The state Board of Elections reviewed the matter but determined that Matos qualified for the ballot after board member Randall Jackvony asked his colleagues to do an additional review of the signatures to quell any fears about the democratic process.
“When there’s a vacuum of information, they fill it in with whatever story they want to,” Jackvony said. “It was really important to me, and clearly to other members of the board, that we had a public discussion about this so everybody could hear what our thinking was.”
But the state attorney general is still investigating the signature controversy, which sent a jolt through what had been an otherwise uneventful primary.
The latest internal poll from the Amo campaign now shows Regunberg leading the field with Matos in third— a major shift from before the scandal when polling showed Matos at the top of the pack. There’s been limited public polling in the race.
Regunberg is a progressive with the backing of Sanders, the Working Families Party and the Congressional Progressive Caucus. Regunberg served in the state Legislature from 2015 to 2018 and came within 3,000 votes of winning a primary race for lieutenant governor in 2018.
“We think there’s a lot of energy for a strong, progressive candidate,” Regunberg told POLITICO. “David Cicilline helped lead the Congressional Progressive Caucus and we appreciate that kind of leadership in this district and think we need to continue it.”
Regunberg takes the lead after polling in second place behind Matos, according to a poll from before the signature scandal this summer from the Matos campaign. And he’s raised $470,00 compared with her $338,000, according to the latest financial disclosures which cover through June 30.
But his campaign has also faced controversy.
Regunberg has criticized the role of money in politics and the wealthy donors behind it. But his father-in-law, a top executive at investment firm Janus Henderson, started a super PAC on his behalf, investing $125,000 into Progress Rhode Island. It so far spent more than $100,000 on direct mail, printing and research — all crucial elements for a campaign getting an edge in a low-turnout election.
“It’s blatantly hypocritical: the fact that he’s out there campaigning against super PACs and his father-in-law is bankrolling one to benefit him,” Luchette said of the PAC.
Matos filed a complaint with the FEC alleging illegal coordination between the PAC and his campaign. Regunberg denies any wrongdoing or hypocrisy. And he hasn’t lost the support of any progressive groups or elected officials since the PAC’s existence became publicly known.
The Congressional Black Caucus, meanwhile, is backing Amo, who was most recently a staffer in the Biden White House as a liaison to state and local governments in the Office of Intergovernmental Affairs.
Amo is a first-time candidate who is leaning into his government experience, which include jobs in Rhode Island and Washington. He’s raised almost $463,000 and been boosted by about $50,000 in outside spending from Democrats Serve, a hybrid PAC that last cycle supported moderate Democrats Rep. Annie Kuster (N.H.) and Josh Riley, an unsuccessful candidate from New York.

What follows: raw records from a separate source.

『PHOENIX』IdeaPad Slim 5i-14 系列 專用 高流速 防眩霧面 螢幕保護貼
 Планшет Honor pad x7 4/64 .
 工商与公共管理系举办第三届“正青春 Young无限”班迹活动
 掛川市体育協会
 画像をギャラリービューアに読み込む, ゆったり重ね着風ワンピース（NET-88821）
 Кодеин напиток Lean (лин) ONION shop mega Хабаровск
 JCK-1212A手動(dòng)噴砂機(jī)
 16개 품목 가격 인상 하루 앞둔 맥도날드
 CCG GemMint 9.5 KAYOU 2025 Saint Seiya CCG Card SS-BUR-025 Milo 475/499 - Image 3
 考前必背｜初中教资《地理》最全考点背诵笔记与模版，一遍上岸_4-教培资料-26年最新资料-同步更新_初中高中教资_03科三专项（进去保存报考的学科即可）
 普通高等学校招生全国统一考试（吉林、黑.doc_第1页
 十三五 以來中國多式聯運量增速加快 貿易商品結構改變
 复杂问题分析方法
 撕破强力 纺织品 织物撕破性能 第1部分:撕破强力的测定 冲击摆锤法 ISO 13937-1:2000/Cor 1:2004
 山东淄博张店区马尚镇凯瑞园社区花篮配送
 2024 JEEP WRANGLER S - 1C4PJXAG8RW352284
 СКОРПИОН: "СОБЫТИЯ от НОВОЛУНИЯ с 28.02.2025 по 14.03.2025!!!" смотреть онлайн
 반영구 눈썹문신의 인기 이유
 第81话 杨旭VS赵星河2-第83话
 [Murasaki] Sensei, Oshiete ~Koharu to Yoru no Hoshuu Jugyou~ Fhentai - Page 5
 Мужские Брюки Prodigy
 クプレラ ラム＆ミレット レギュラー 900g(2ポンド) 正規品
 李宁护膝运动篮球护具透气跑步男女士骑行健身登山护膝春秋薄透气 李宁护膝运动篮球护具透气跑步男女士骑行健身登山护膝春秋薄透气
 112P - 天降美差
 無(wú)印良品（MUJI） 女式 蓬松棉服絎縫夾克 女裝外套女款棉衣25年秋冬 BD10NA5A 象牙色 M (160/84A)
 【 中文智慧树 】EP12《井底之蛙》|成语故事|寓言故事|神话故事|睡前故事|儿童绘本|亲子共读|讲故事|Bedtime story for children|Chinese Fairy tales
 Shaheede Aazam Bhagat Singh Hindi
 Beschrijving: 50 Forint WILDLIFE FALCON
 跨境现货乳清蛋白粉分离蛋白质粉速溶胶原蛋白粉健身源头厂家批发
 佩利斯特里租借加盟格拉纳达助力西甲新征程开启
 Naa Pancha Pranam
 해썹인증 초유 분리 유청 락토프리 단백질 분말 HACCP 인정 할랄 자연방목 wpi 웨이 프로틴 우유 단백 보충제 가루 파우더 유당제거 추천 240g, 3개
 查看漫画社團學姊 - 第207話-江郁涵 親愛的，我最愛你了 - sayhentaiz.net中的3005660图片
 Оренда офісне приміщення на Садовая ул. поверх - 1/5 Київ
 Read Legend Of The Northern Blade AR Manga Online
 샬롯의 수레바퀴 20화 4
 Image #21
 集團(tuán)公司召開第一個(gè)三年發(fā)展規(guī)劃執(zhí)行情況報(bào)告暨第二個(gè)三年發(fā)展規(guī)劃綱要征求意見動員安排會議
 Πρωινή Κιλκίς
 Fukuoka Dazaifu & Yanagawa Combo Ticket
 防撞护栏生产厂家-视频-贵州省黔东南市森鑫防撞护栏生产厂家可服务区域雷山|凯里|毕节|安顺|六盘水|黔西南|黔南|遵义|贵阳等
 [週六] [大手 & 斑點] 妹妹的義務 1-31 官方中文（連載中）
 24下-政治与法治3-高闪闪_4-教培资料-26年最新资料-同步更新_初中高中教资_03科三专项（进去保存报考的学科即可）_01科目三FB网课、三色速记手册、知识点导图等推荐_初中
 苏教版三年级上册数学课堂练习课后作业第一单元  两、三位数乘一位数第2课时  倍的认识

Amo is also endorsed by former White House chief of staff Ron Klain, a former colleague of Amo’s. But in an election expected to have low turnout divided among a crowded field, a relatively unknown bureaucrat like Klain won’t animate voters the same way a rally with Sanders does — even as the endorsement helps him lean into his Washington experience.
“I am trying not only to do the organizing, not only on TV through the end of the cycle, but I’m also seeking to lead with the work that we have ahead,” Amo said in an interview, highlighting two recent policy-focused press conferences.
The race will likely come down to name ID and the strength of a candidate’s get-out-the-vote effort.
“This race will be determined by very old school, primary ground game rules, identifying your support and making sure that they get out on Election Day,” McNamara said.